In conversation, Bug and guitarist Ivan Lip are surprisingly even-tempered. They answer questions about their combative style calmly and thoughtfully.

During a 20-minute chat, they bristle only once — at the idea that they might be lumped in with the current crop of underground noise-rock bands. They don't point fingers directly, but they complain about bands who hide uninteresting songs beneath thick fuzz. Pop. 1280 aspires to more genuine terrors.

"I feel like a lot of bands are doing that today and calling it noise music, noise-rock," Bug says. "And that's not what we're trying to do. We're trying to do something industrial that sounds different."

They're cool with bands that have a somewhat similar vibe — Pennsylvania's dense and ferocious Pissed Jeans, for instance — but they're adamant that their musical style and lyrical approach differ from most of the discordant punks who claim noise as a key to their aesthetic.

These strengths have never been more apparent. On Imps, they scale back the brutish scuzz that simultaneously obscured and elevated 2012's supremely frightening The Horror, the band surging confidently with crushing bass and jarring synths. It makes for a more forceful impact.

Take "Nailhouse," Imps' seven-minute centerpiece.

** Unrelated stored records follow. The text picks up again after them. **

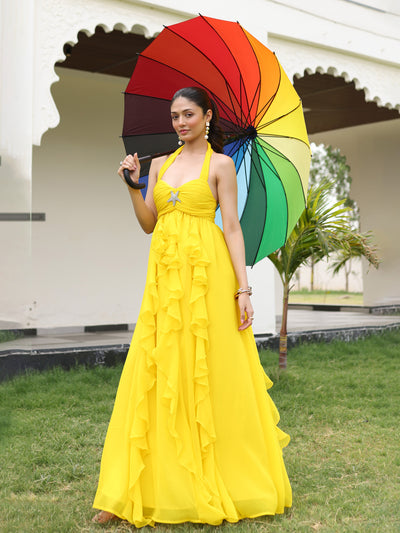 Mango Starfish Dress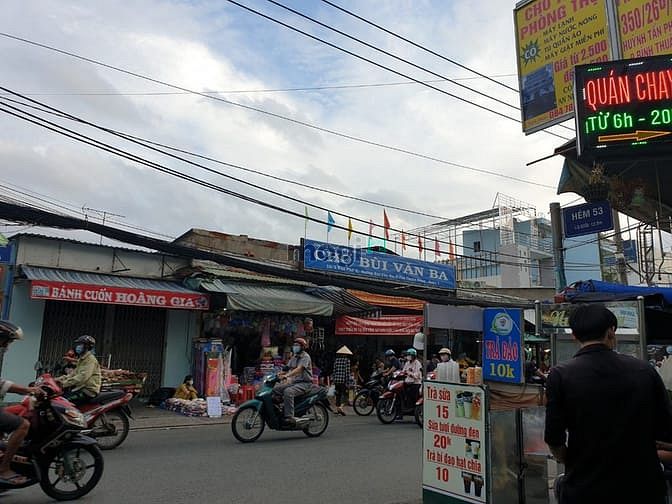 Hình ảnh Bán nhà Bùi Văn Ba , Quận 7, 77M2 chỉ nhỉnh 4 tỷ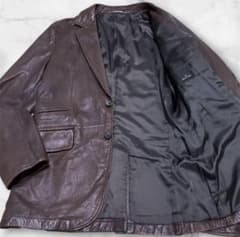 大人の余裕を革に刻む✨【廃盤・希少品】ポールスミス ラムレザー L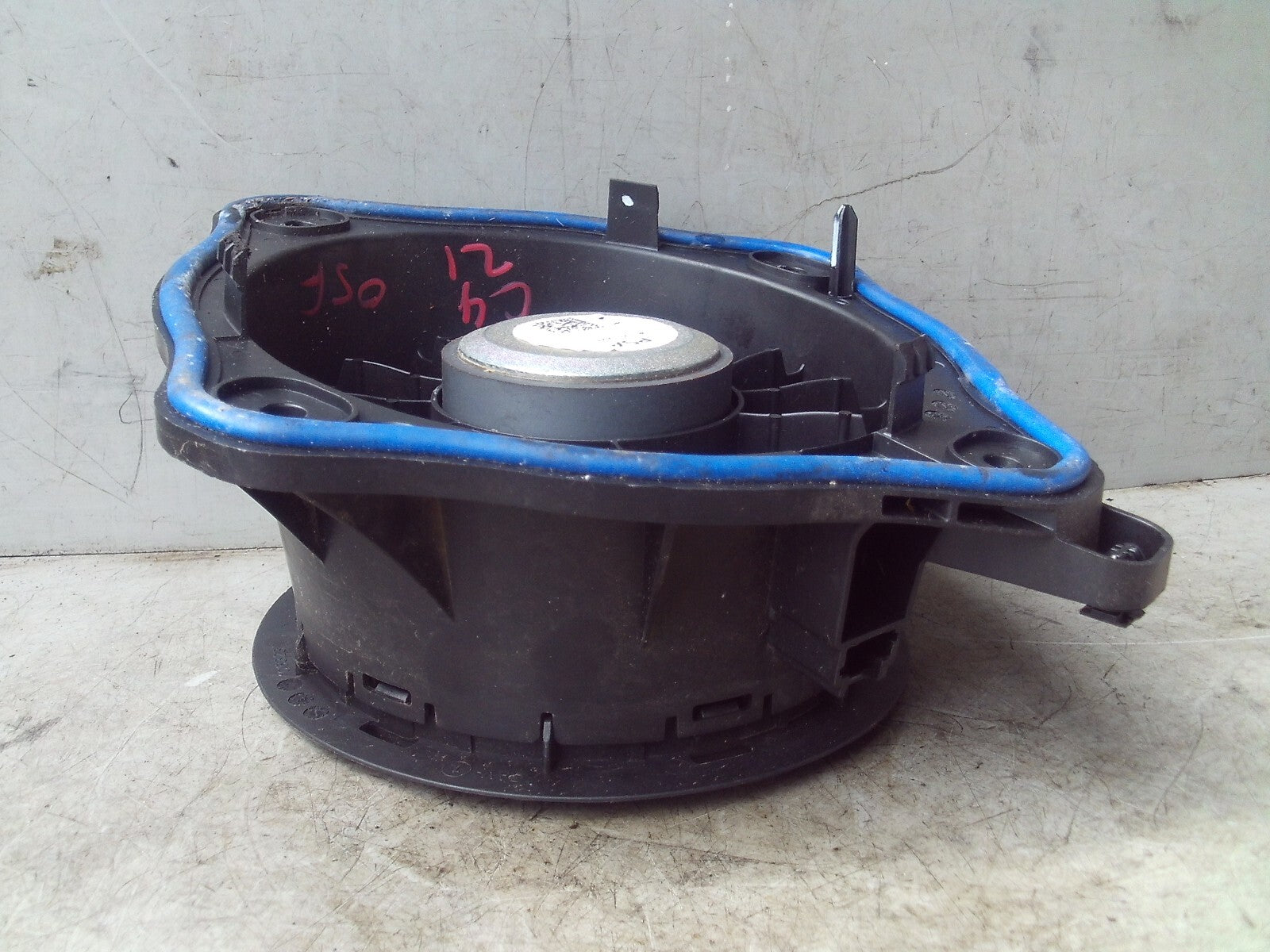 2021 CITROEN C4 MK3 OSF DRIVING SIDE FRONT RIGHT SIDE DOOR SPEAKER 9830932280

The blunt and repetitive synth fill calls to mind the minimalist aggression of Suicide, but Pop. 1280, which performs at The Milestone on Sept. 18, beefs it up with scarring riffs and an undercurrent of ominous distortion.

Bug attacks swiftly and deftly, howling with the ferocity of Nick Cave circa The Birthday Party. He slyly sexualizes torture and war — "In a high-res world, you look so young/ You'll end up dead in a bathtub" — showing little sympathy for the victim — "I try to imagine myself as you/ But all I can think of is dog food."

Stripped of The Horror's brutal grime, Imps lacks the visceral sense of doom that made that record so compelling. But the newfound clarity allows the band to better express its twisted visions. It's just as frightening, albeit in a different way.

"Restraint and dynamics can be scary," Lip says. "I mean, Howlin' Wolf is scary. Robert Johnson is scary. John Carpenter's music's scary, and it's just him and a synthesizer and a drum machine. We weren't going to make The Horror over again. I definitely didn't want to get into one of these military build-up contests with ourselves where it's like every time we make a record, we have to find some stupider way to make it, so it was even more blown-out and scary sounding."